Cats are classified as obligate carnivores, because their physiology is geared toward efficient processing of meat, and lacks efficient processes for digesting plant matter. The cat cannot produce its own taurine (an essential organic acid) in its own body and as it is contained in flesh, the cat must eat flesh to survive. Similarly as with its teeth, a cat's digestive tract has become specialized over time to suit meat eating, having shortened in length only to those segments of intestine best able to break down proteins and fats from animal flesh. The trait severely limits the cat's ability properly to digest, metabolize, and absorb plant-derived nutrients, as well as certain fatty acids. For example, taurine is scarce in plants but abundant in meats. It is a key amino sulfonic acid for eye health in cats. Taurine deficiency can cause a condition called muscular degeneration wherein the cat's retina slowly degenerates, eventually causing irreversible blindness.

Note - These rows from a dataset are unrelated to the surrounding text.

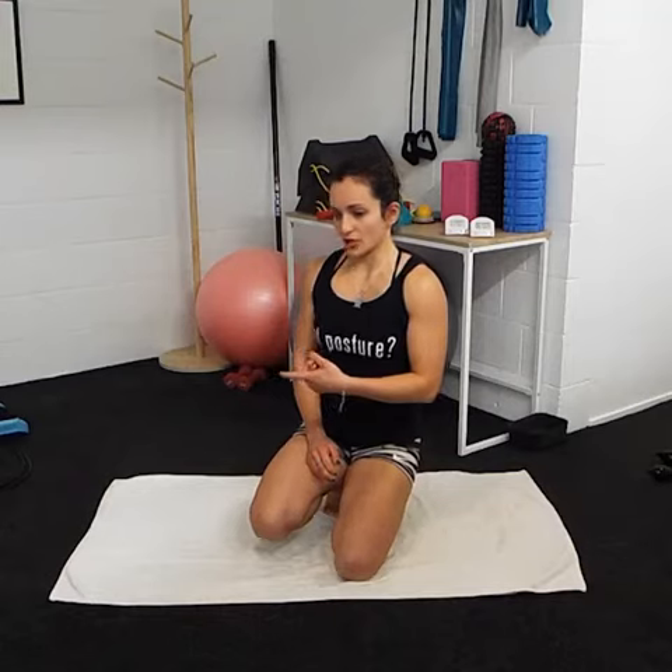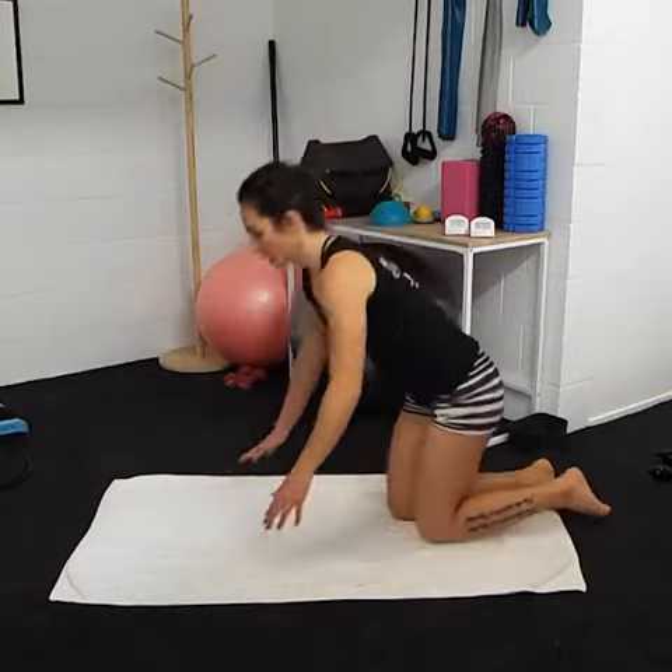What I want you guys to do is 10 reps in total, or however many you can, and then do 3 sets of it. I'm going to be turning my head to the left and then to the right, so just watch what I do.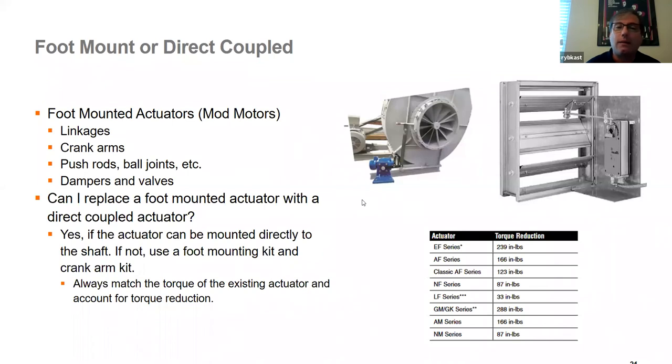Some actuators are foot mounted, like mod motors. You can use a direct coupled actuator with foot mounting brackets, linkages, and crank arms to replace a foot-mounted actuator. Important: when you foot mount a direct coupled actuator, you lose a little torque. Assume you need about 12 to 15 percent more torque than the calculation to compensate for slop in the crank arms, linkages, and ball joints. Generally, it can be done, and it's a valid way to replace an old foot-mounted actuator with a direct coupled one using appropriate hardware.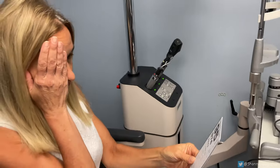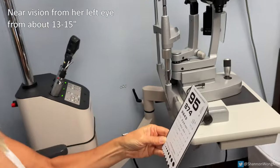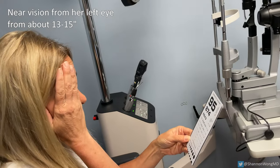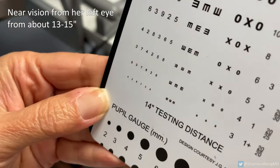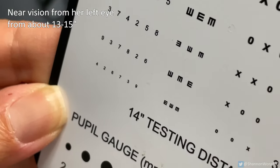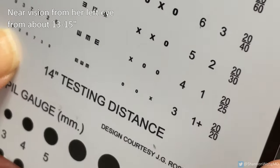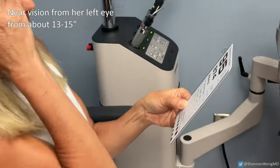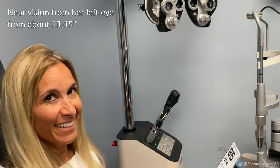Now covering her right eye, she uses the Synergy lens in her left eye. Holding the card at roughly the same distance and adjusting to whatever gives the best clarity, she reads from the bottom up: '4267,' '39,' and then '93782 6.' That's the 20/20 line and below. At about 16 inches, her near vision with the Synergy lens is excellent.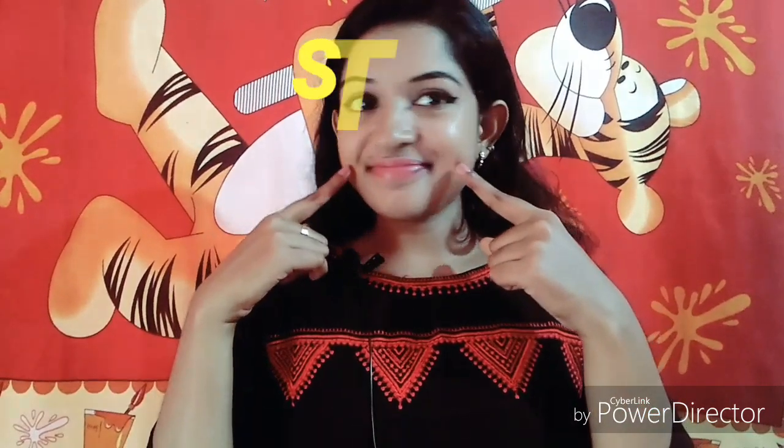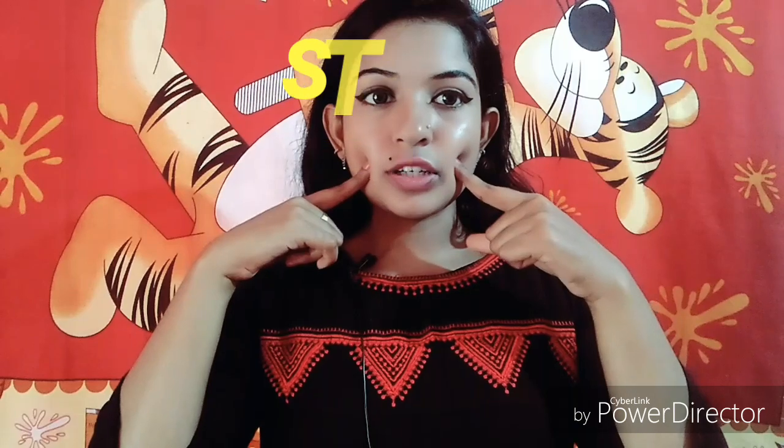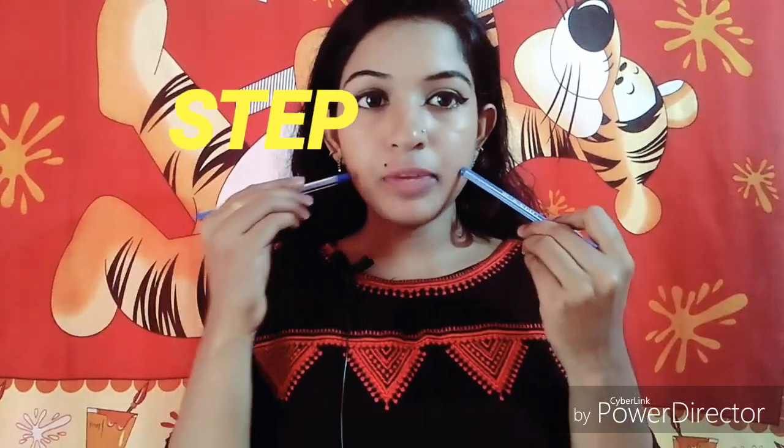Actually a dimple is a defect, but it doesn't look like one. The first step is to mark both sides of your face. We mark a spot with a pen on each side. Then the next step is to press for 2 minutes.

Despite the cat's meat-oriented physiology, it is still quite common for a cat to supplement its carnivorous diet with small amounts of grass, leaves, shrubs, houseplants, or other plant matter. One theory suggests this behavior helps cats regurgitate if their digestion is upset; another is that it introduces fiber or trace minerals into the diet. In this context, caution is recommended for cat owners because some houseplants are harmful to cats. For example, the leaves of the Easter Lily can cause permanent and life-threatening kidney damage to cats, and Philodedron are also poisonous to cats. The Cat Fanciers Association has a full list of plants harmful to cats.
Cats can be selective eaters (which may be due in some way to the aforementioned mutation which caused their species to lose sugar-tasting ability). Unlike most mammals, cats can voluntarily starve themselves indefinitely despite being presented with palatable food, even a food which they had previously readily consumed

Toxic sensitivity

The liver of a cat is less effective at detoxification than those of other animals, including humans and dogs; therefore exposure to many common substances considered safe for households may be dangerous to them. In general, the cat's environment should be examined for the presence of such toxins and the problem corrected or alleviated as much as possible; in addition, where sudden or prolonged serious illness without obvious cause is observed, the possibility of toxicity must be considered, and the veterinarian informed of any such substances to which the cat may have had access.

For instance, the common painkiller paracetamol or acetaminophen, sold under brand names such as Tylenol and Panadol, is extremely toxic to cats; because they naturally lack enzymes needed to digest it, even minute portions of doses safe for humans can be fatalĀ  and any suspected ingestion warrants immediate veterinary attention. Even aspirin, which is sometimes used to treat arthritis in cats, is much more toxic to them than to humans and must be administered cautiously. Similarly, application of minoxidil (Rogaine) to the skin of cats, either accidental or by well-meaning owners attempting to counter loss of fur, has sometimes proved fatal.

In addition to such obvious dangers as insecticide and weed killers, other common household substances that should be used with caution in areas where cats may be exposed to them include mothballs and other inaphthalene products, as well as phenol based products often used for cleaning and disinfecting near cats' feeding areas or litter boxes, such as Pine-Sol, Dettol (Lysol), hexachlorophene, et. which, although they are widely used without problem, have been sometimes seen to be fatal Ethylene glycol, often used as an automotive antifreeze, is particularly appealing to cats, and as little as a teaspoonful can be fatal.
Many human foods are somewhat toxic to cats; theobromine in chocolate can cause theobromine poisoning, for instance, although few cats will eat chocolate.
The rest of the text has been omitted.